In the end, what remains impressive is how long it took DC ultimately to throw all their scruples to the wind and do what they’ve been wanting to do ever since Watchmen turned out to be a hit, to do what’s in the company’s DNA, what they always do when they have a hit: exploit the hell out of it and get more like it out there on the stands. It’s what comics publishers have always done, chase the trends, sling shit to the wall and if it sticks, sling more. At the time they barely and only halfhearted recognised that not doing this would be more profitable this time, though not before driving away Moore himself. What DC finally realised was that Watchmen, along with The Dark Knight Returns and Swamp Thing, as well as a handful of lesser titles gave them prestige, a reputation as a the more creator friendly and innovative of the Big Two. They got themselves a boatload of British writers, people like Neil Gaiman and Grant Morrison and Pete Milligan et all to repeat the magic that Moore got going with Watchmen, got it with Sandman and ultimately got Vertigo, a whole line of slightly off kilter not quite superhero titles for those who had outgrown the DC universe, the one really smart bit of business DC has gotten together in the past four decades. The rest of the company may have been just as dumb and exploitative as Marvel (who never got as much credit for Epic as DC did for Vertigo) or Image at their worst, but Vertigo made it acceptable.

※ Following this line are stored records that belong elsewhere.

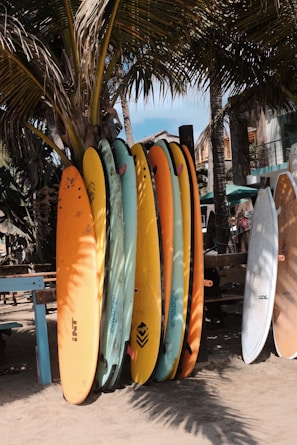 A row of paddleboards lined up on the beach with palm trees swaying gently behind them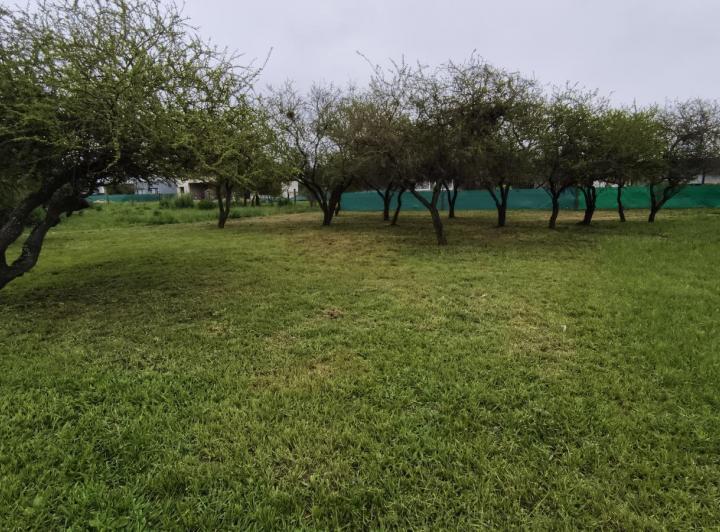 Terreno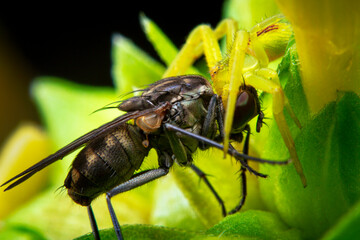 Naklejka premium A crab spider with the prey twice bigger compared with his body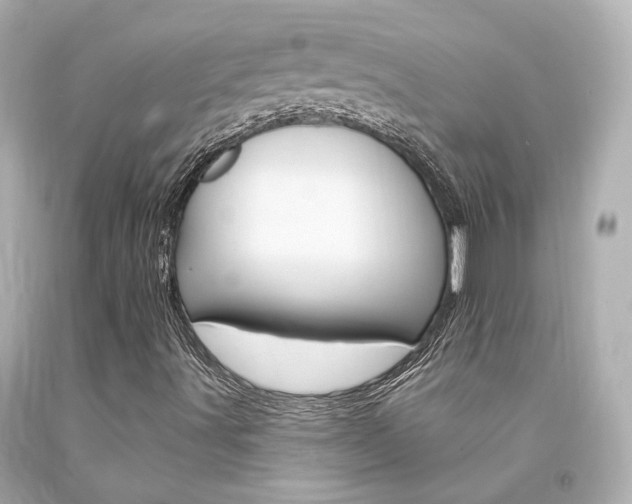 X0000094361491200711021324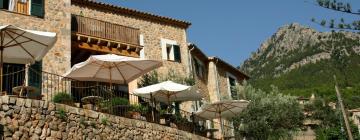 Holiday Homes in Campanet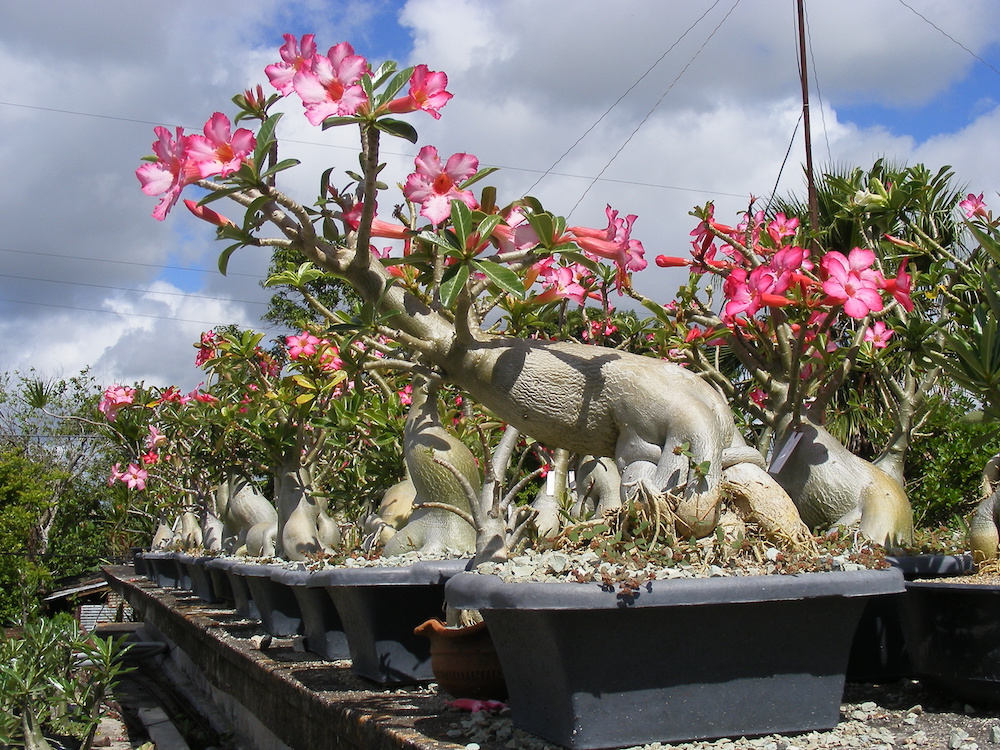 Rosa del desierto, planta originaria de Madagascar Una de las especies de orquídeas más pequeñas del mundo (Foto: Didier Cruz Fernández).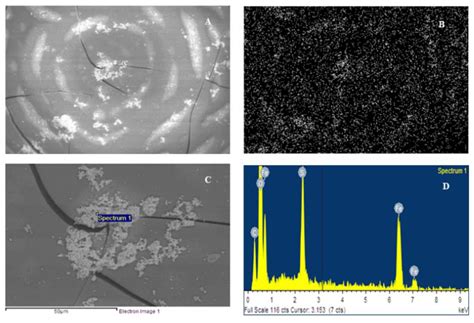 Sulfate Radicals-Based Technology as a Promising Strategy for Wastewater
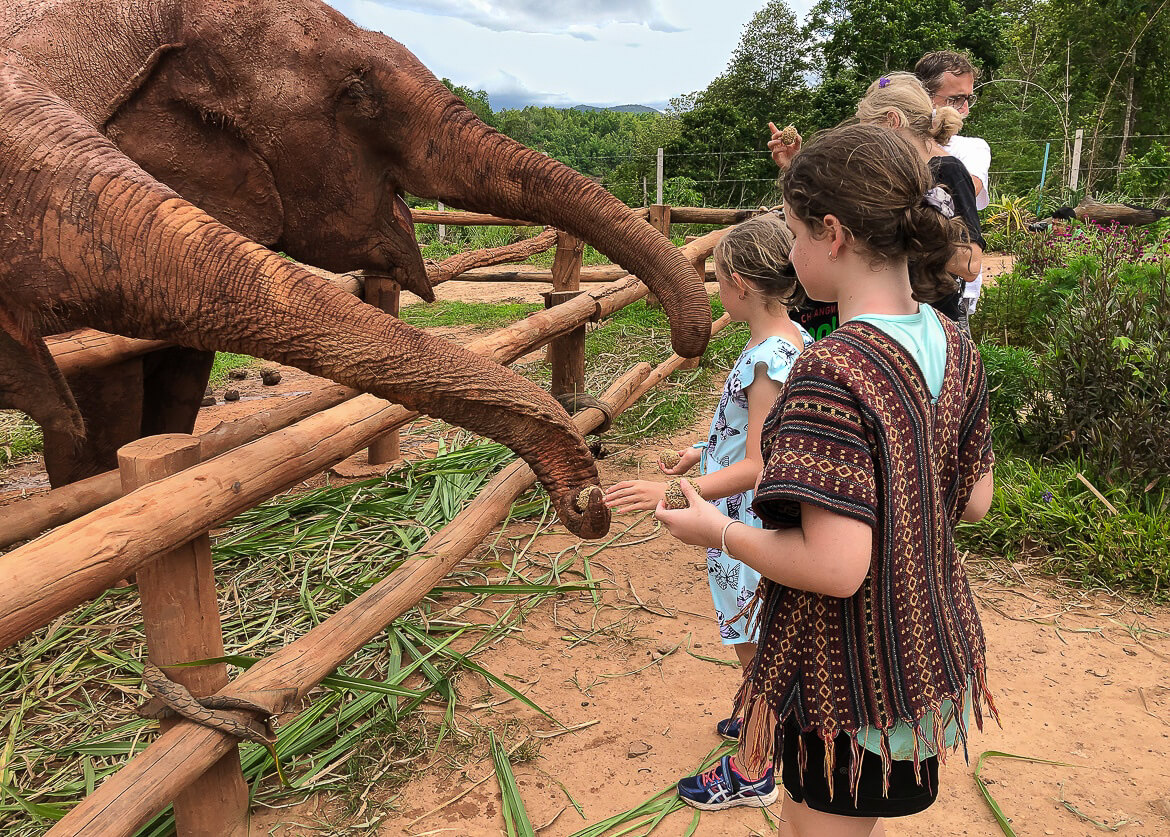 Giving snacks to the elephants at Karen Elephant Serenity, Thailand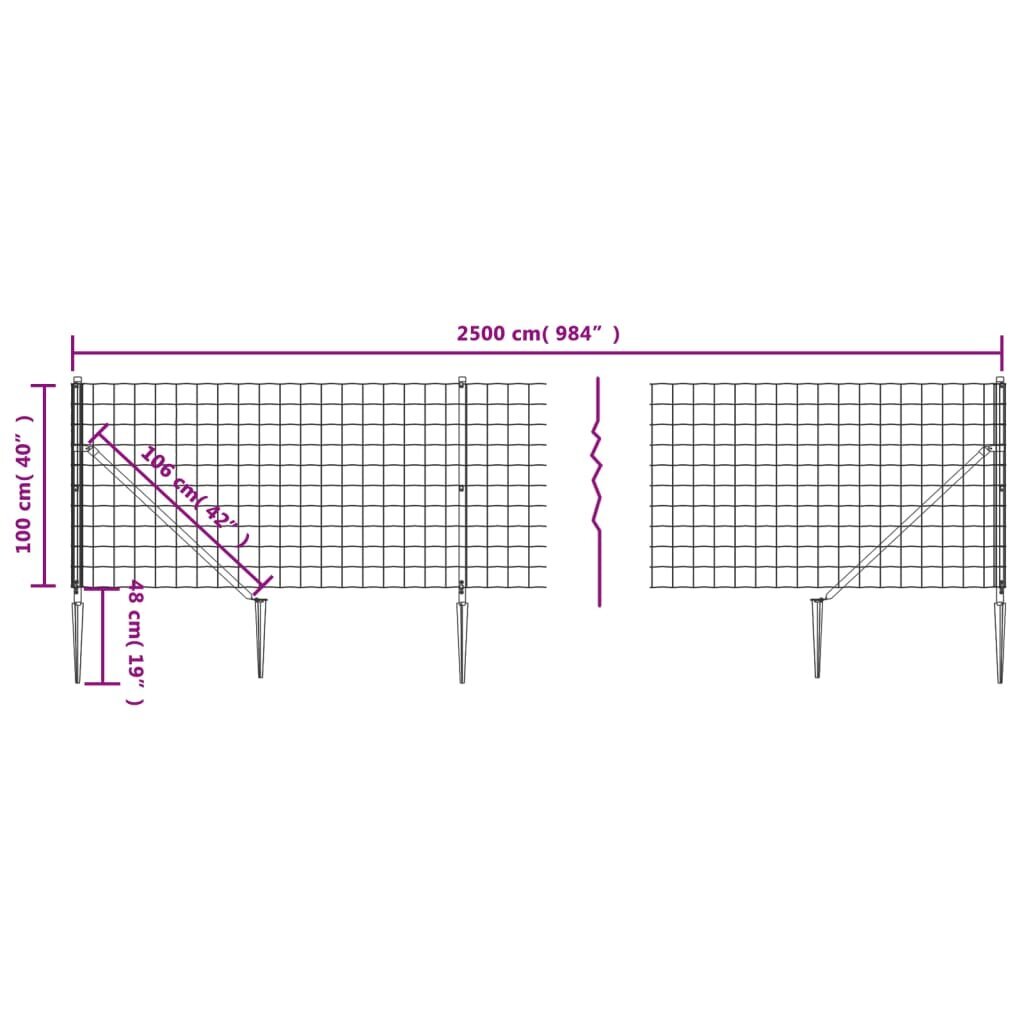 vidaXL traataed vaiadega, antratsiithall, 1 x 25 m hind ja info | Aiad ja tarvikud | kaup24.ee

But the American comics industry still crashed and burned and nobody but Steve Bissette still cares about creators right and self publishing and boycotting Marvel for its treatment of Jack Kirby and its heirs. And Watchmen, which had remained in print and a steady seller for the company all those years turned hot again, what with the movie and everything and the old itch to exploit it better, to get people to not just buy new and more deluxe versions of it popped up again. More than a quarter of a century after its original publication it’s finally safe to give into it, even if it’s pointless. The suits will have their way, the second rate talent making the comics will think they’re making art or doing a homage and that DC will still respect them in the morning, the fans will lap it up anyway.